> [BRIEF] Identify the line in which "Dollhouse Miniature Ceramic" appears, then reproduce that line and all remaining lines of the records word for word.

Short web captions:
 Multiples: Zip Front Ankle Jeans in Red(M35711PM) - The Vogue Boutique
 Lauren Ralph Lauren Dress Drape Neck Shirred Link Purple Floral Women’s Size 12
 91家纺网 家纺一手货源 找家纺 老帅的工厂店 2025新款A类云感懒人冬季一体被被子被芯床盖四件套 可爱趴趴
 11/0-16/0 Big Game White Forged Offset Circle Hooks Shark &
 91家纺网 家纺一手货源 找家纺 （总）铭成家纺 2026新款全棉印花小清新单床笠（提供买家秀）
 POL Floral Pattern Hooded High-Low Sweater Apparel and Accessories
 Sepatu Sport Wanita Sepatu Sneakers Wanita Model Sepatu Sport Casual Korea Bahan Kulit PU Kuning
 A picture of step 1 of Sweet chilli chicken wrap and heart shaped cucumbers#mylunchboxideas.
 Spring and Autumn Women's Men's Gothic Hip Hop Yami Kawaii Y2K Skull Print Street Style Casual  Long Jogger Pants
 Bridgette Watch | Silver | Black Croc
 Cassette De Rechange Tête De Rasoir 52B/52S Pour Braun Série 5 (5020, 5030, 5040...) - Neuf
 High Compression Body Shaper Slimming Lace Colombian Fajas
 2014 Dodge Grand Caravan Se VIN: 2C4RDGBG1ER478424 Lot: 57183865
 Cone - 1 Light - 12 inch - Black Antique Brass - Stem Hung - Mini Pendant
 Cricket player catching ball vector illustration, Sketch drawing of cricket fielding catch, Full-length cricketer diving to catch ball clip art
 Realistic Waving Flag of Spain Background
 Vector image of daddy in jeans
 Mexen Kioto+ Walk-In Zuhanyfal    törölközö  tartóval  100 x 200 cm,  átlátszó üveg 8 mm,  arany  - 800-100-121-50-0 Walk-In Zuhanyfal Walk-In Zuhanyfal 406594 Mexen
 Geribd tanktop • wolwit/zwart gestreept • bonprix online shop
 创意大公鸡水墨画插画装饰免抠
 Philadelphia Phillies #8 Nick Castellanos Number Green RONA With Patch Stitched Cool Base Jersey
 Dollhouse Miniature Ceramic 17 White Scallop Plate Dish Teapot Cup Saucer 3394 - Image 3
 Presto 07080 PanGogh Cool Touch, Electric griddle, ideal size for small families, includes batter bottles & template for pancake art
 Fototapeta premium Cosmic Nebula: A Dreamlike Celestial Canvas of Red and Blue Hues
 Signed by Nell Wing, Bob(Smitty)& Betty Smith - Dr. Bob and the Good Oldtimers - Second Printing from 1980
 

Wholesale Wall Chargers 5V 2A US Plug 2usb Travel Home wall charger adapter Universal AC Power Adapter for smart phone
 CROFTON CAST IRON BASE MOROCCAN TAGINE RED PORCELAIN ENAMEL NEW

> [PROBLEM SOLUTION]
 Dollhouse Miniature Ceramic 17 White Scallop Plate Dish Teapot Cup Saucer 3394 - Image 3
 Presto 07080 PanGogh Cool Touch, Electric griddle, ideal size for small families, includes batter bottles & template for pancake art
 Fototapeta premium Cosmic Nebula: A Dreamlike Celestial Canvas of Red and Blue Hues
 Signed by Nell Wing, Bob(Smitty)& Betty Smith - Dr. Bob and the Good Oldtimers - Second Printing from 1980
 

Wholesale Wall Chargers 5V 2A US Plug 2usb Travel Home wall charger adapter Universal AC Power Adapter for smart phone
 CROFTON CAST IRON BASE MOROCCAN TAGINE RED PORCELAIN ENAMEL NEW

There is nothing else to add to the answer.